PROBLEM STATEMENT: Transcribe the listing exactly, so that nothing but the pictures is missing.
DATASET EXCERPT START
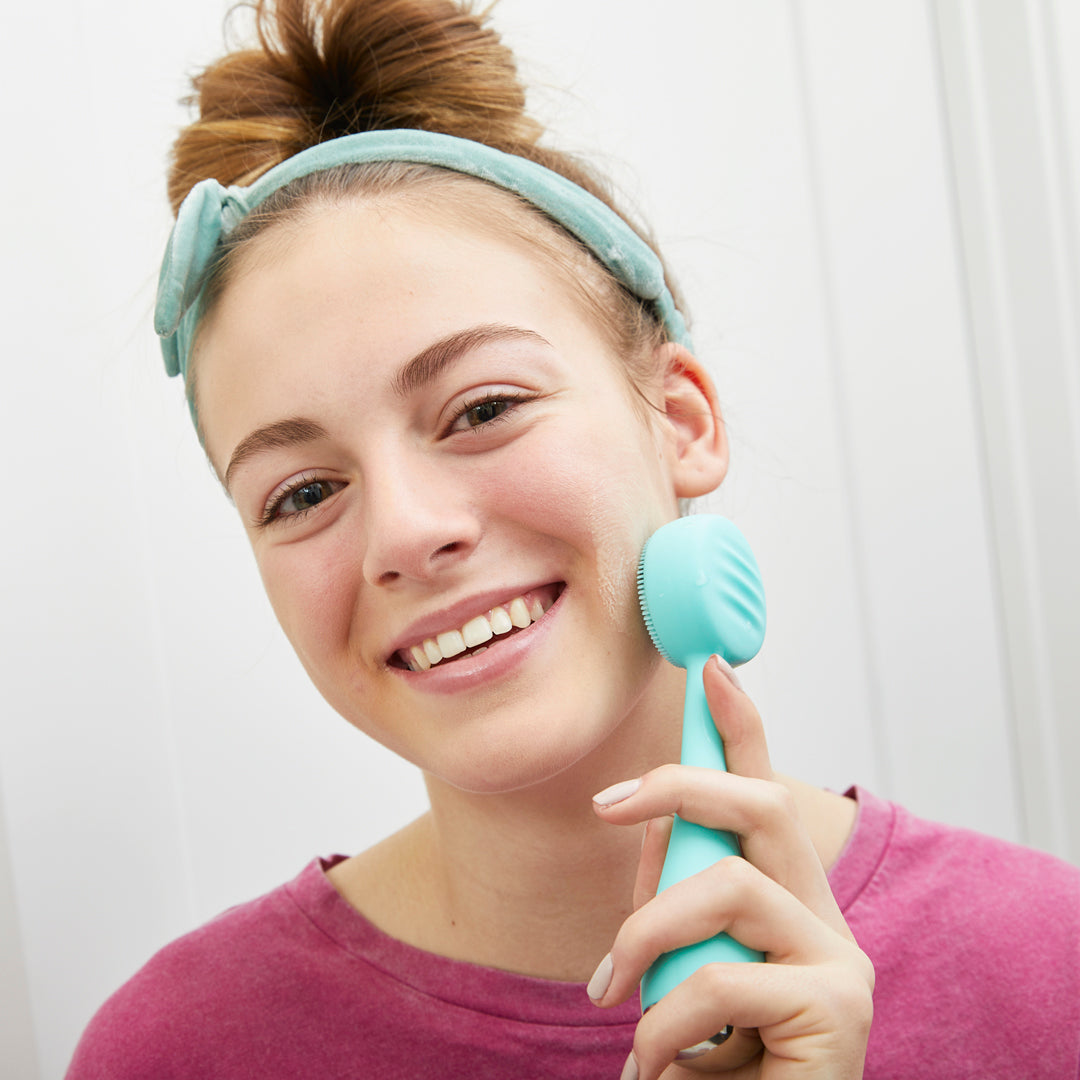 4001-TEAL?Teenage girl using the teal PMD Clean to wash her face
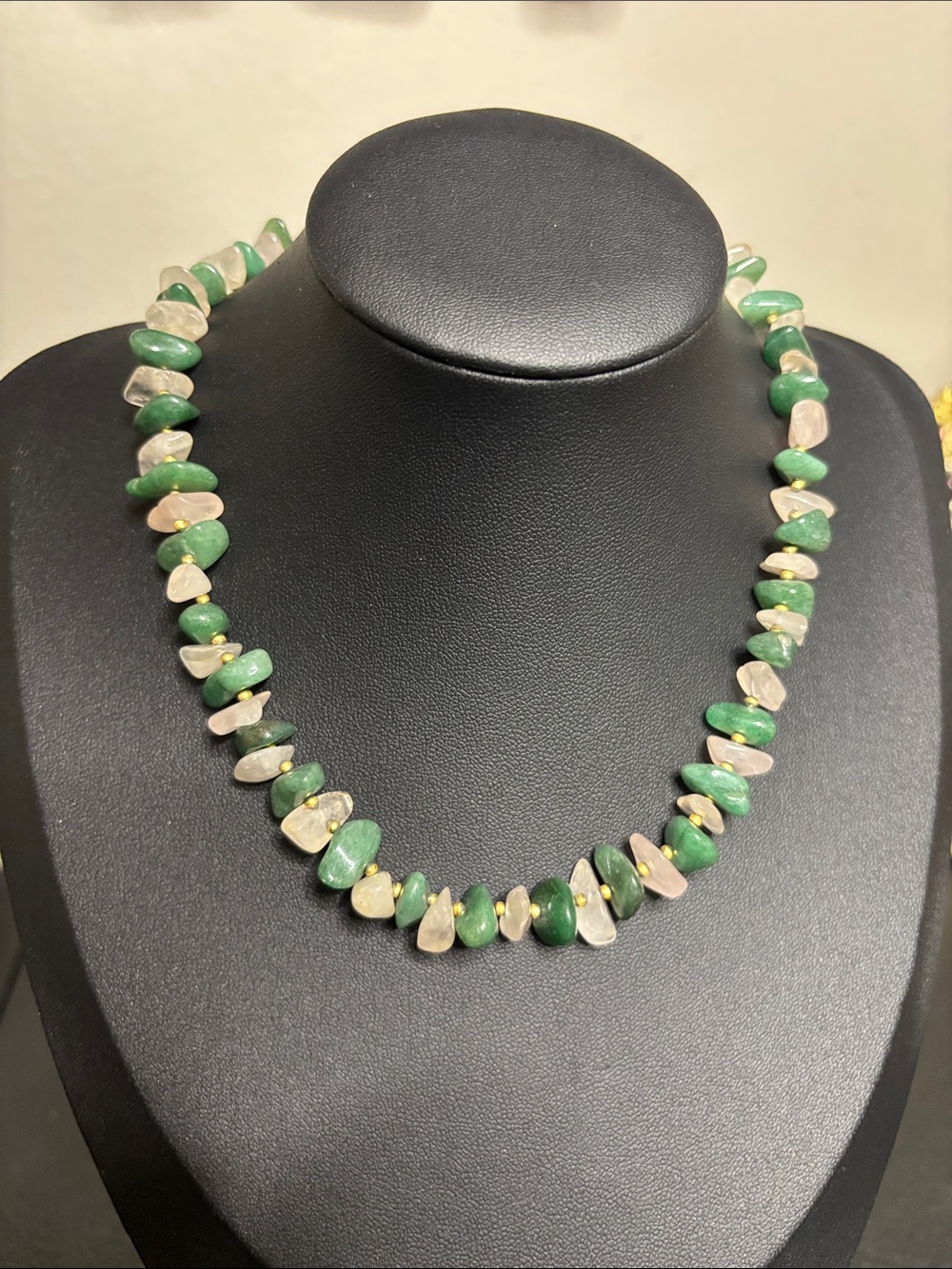Green and Cream Gemstone Bead Necklace - Polished Chip Design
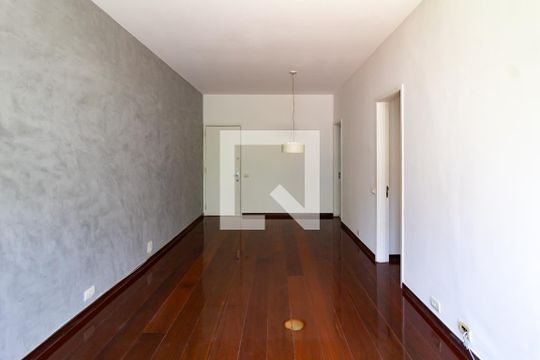 Detalhe da sala de apartamento para alugar com 3 quartos, 95m² em Lagoa, Rio de Janeiro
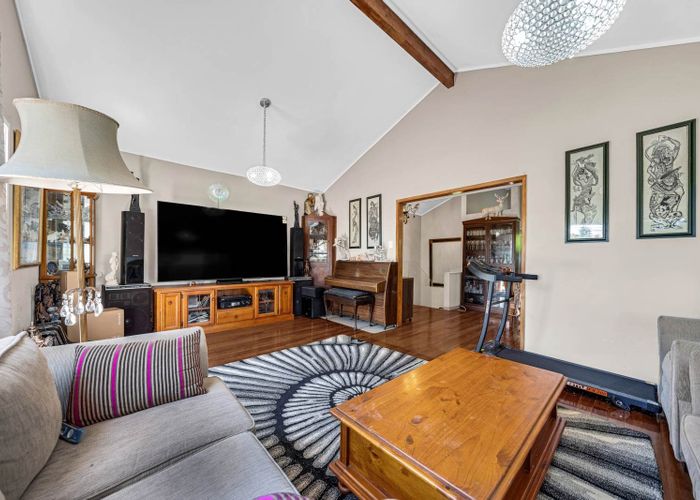  at 2 Tudward Glade, Hillcrest, North Shore City, Auckland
DATASET EXCERPT END
ANSWER TO THIS EXERCISE:
 4001-TEAL?Teenage girl using the teal PMD Clean to wash her face
Green and Cream Gemstone Bead Necklace - Polished Chip Design
 Detalhe da sala de apartamento para alugar com 3 quartos, 95m² em Lagoa, Rio de Janeiro
  at 2 Tudward Glade, Hillcrest, North Shore City, Auckland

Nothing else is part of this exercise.